• **REQUIRED ACTION**: Would you repeat exactly the part of the listing below that runs from the line containing "Reading, Knitting &" down to the line containing "Bouilloire Électrique Jocca", inclusive, and nothing else?

• **PROVIDED RECORDS**:

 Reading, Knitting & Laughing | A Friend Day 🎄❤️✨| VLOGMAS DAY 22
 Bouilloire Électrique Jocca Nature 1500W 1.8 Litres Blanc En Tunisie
* * *
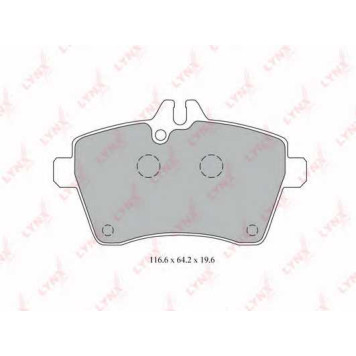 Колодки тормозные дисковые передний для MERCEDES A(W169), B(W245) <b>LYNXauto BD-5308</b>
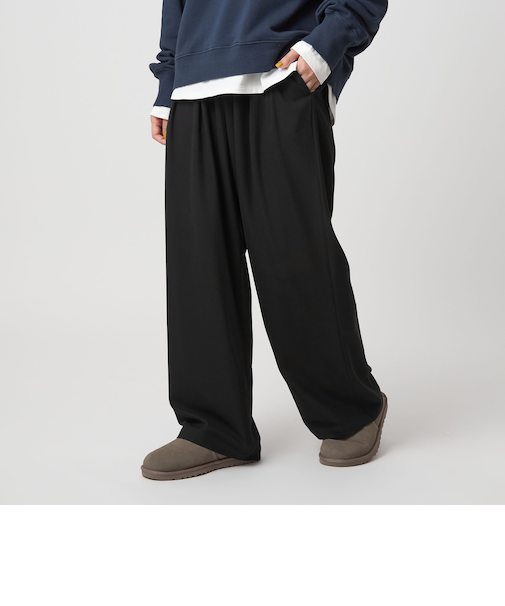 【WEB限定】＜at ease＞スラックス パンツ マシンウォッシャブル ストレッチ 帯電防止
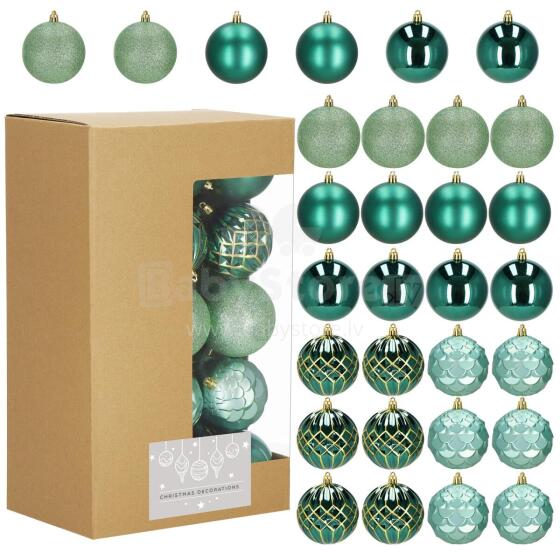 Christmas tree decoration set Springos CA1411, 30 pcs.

• **WRITTEN SOLUTION**:
 Reading, Knitting & Laughing | A Friend Day 🎄❤️✨| VLOGMAS DAY 22
 Bouilloire Électrique Jocca Nature 1500W 1.8 Litres Blanc En Tunisie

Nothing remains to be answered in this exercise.